Ramp Meters on Three North I-25 On-Ramps Start Operating Monday, May 8

Meters intended to ease congestion during peak commute times

NORTHERN COLORADO—Beginning Monday, May 8, drivers entering I-25 will see some new lights, and it might be a little confusing.

The new ramp meter lights have been installed on the northbound and southbound ramps at CO 392 and the southbound on-ramp at Harmony Road. The meters will begin regular operation on Monday.

The meters will detect congestion on the interstate and will be activated when conditions warrant it to alleviate congestion. There are no set hours for the operation, but morning and evening rush hours—specially on Fridays—are traditionally the busiest for those intersections.

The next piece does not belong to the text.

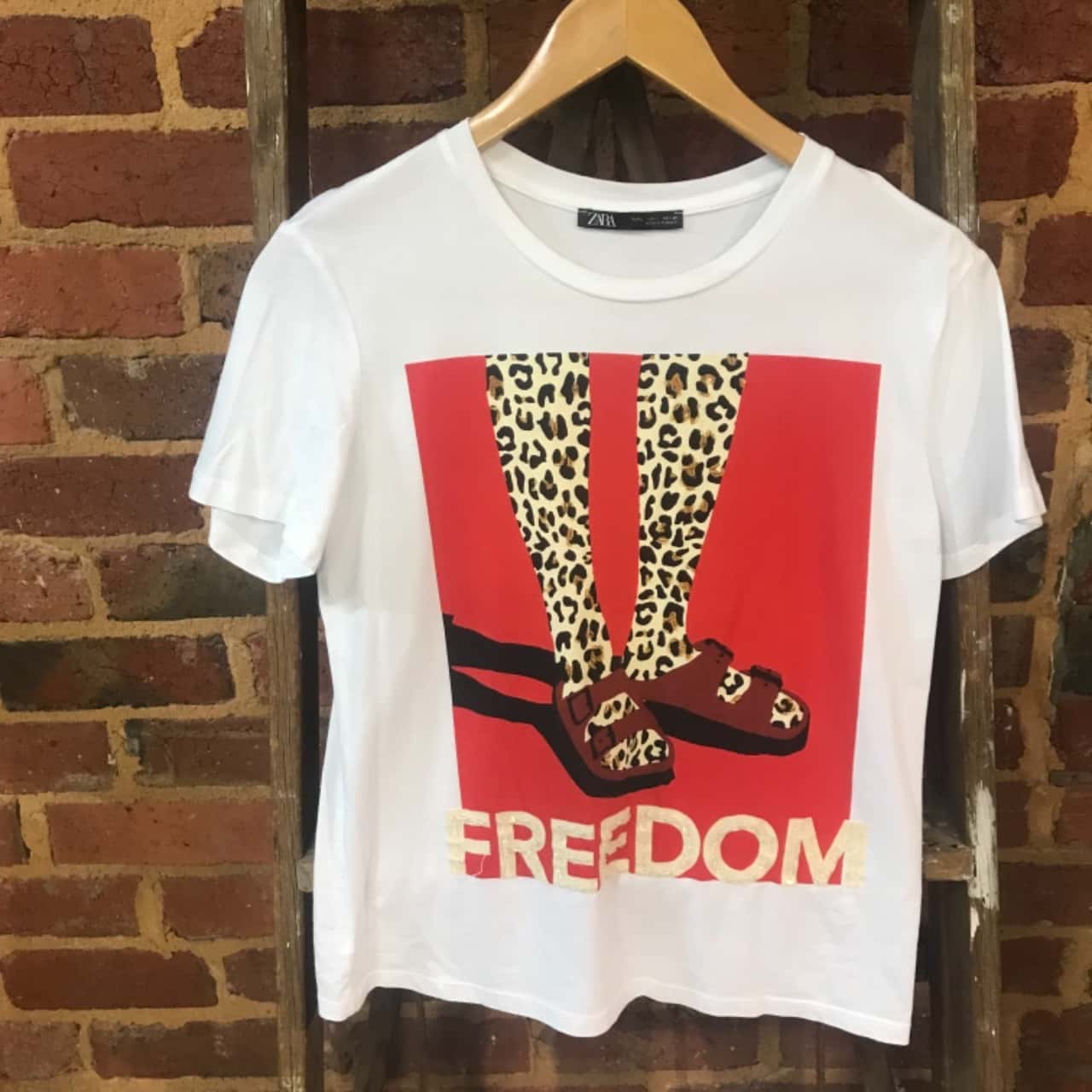 Zara Freedom tshirt size L Animal print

Ramp metering systems (the traffic signals along entrance ramps to a highway) allow traffic to enter a highway at a rate dependent upon the conditions of highway traffic. While motorists may experience some delay at the meter, highway speeds, safety and overall travel times are improved. Metering will only take place during high-volume times in the morning and evening, during the week. Exactly when the meters will go into effect will be determined in the field and adjusted as needed.

Ramp metering is in place in several areas around the state, but these will be the first ramp meters in Northeast Colorado.

I-25 and C-470 in the Denver area provide an example of the positive benefits of ramp metering. After the installation of ramp meters on a section of southbound I-25, the average speed increased 31 percent, or 8.6 miles per hour. On the C-470 section, travel speed was increased an average of 10 percent, or 7 miles per hour.

Safety is also an issue. Ramp meters have decreased rear and side crashes by about 50 percent in the Denver area. And the study in 2014 showed, for example, that 47 of the 48 peak-period crashes near the southbound ramp at Harmony Road happened during the evening commute.

The locations for installation were selected following the results of a ramp metering feasibility study completed in 2014, which showed these three locations were the only ones along I-25 that would benefit the flow of traffic on I-25. Funding for the $440,000 project was made available for this year.

"While the original study done in 2014 showed ramp meters were warranted at these three locations, a follow-up study has now shown that every ramp on I-25 from Johnstown to Fort Collins could use ramp meters," said Larry Haas, CDOT regional traffic operations engineer. "That's how quickly our population and traffic congestion has grown."

Additional ramp meters may be installed as part of the North I-25 Express Lanes project (expected to begin construction at the end of this year or beginning of next year), but no determination has been made if that will be possible.